It would be a lot easier to publish a computer magazine that covers a wide range of systems, but we want to cover what we feel is the best system. We were afraid that this would greatly limit the amount of information that could be published. However, it seems that we are only beginning to scratch the surface of what the Atari is capable of. It seems that not a day goes by without one of our readers calling us with a new discovery. So please, put it down in writing and send us the information so that we can share it with our fellow Atarites. I realize that most of you are new to the computer world and look towards us for help, but there are a lot of talented people out there who can give the beginners a hand. And let's not forget the contest that we have for the best article, program or tutorial.
OK, now that you're ready to send us that program, or share a little of your talent with us, I'll explain how easy it is to submit it to us. If possible, send a program on disk, if not a cassette will be fine. If you're using a cassette CSAVE one side and LIST"C the other. If you want your program returned to you, include a self addressed stamped envelope with sufficient postage. All articles should be typed in upper and lower case with double spacing. If you're good at printing and can't get a hold of a typewriter then that's OK. Include your phone number in case we have some questions concerning the submission. Anyone submitting a program would also include an introduction and/or explanation of what's being done. If you would like we will send you a non- disclosure statement before you submit your program. Don't worry, if we decide not to use your program no one else will see it. We have spent a great deal of time trying to track down the big Atari pirates. Also, don't be disappointed if we accept your submission but don't use it in the next issue. If we're lucky we may have that issue already completed.

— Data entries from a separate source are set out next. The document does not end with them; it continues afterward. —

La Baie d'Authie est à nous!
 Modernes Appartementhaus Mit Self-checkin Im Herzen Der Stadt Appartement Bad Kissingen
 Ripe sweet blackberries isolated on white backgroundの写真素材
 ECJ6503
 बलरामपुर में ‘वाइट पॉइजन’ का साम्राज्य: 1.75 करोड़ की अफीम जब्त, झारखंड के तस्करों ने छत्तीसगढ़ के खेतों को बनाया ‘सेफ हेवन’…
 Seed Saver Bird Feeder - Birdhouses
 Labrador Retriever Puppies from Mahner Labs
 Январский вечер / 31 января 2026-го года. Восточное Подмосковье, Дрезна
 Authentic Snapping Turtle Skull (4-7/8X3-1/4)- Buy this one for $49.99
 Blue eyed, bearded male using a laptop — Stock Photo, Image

See how simple it is. Of the forty thousand plus Ataris out there, we should have a good thing going in our future issues. We are depending on you. Who knows, maybe I'll have time to watch the late movie some night.
I wanted to get on the subject of pirating again but I got carried away. You will be reading more on this subject in our next issue. However, I would just like to mention that A.N.A.L.O.G. is doing its part in trying to prevent this widespread hobby. It seems that the pirating of Atari software is surpassing every other system. As far as we can tell, much of this is coming from the New York, Long Island area. And with companies selling programs that are made only for copying, it is going to be a long and hard battle. There are even dealers who specialize in selling pirated software. When we track down these pirates and get proof of their dealings, A.N.A.L.O.G. will publish the information along with the name of the persons or company. I know of many exciting programs that are sitting on shelves, delayed for release, because of the amount of pirating in the Atari circle. Please let us know if you have any dealings with these people who offer or sell pirated software, and maybe we'll see more software being released.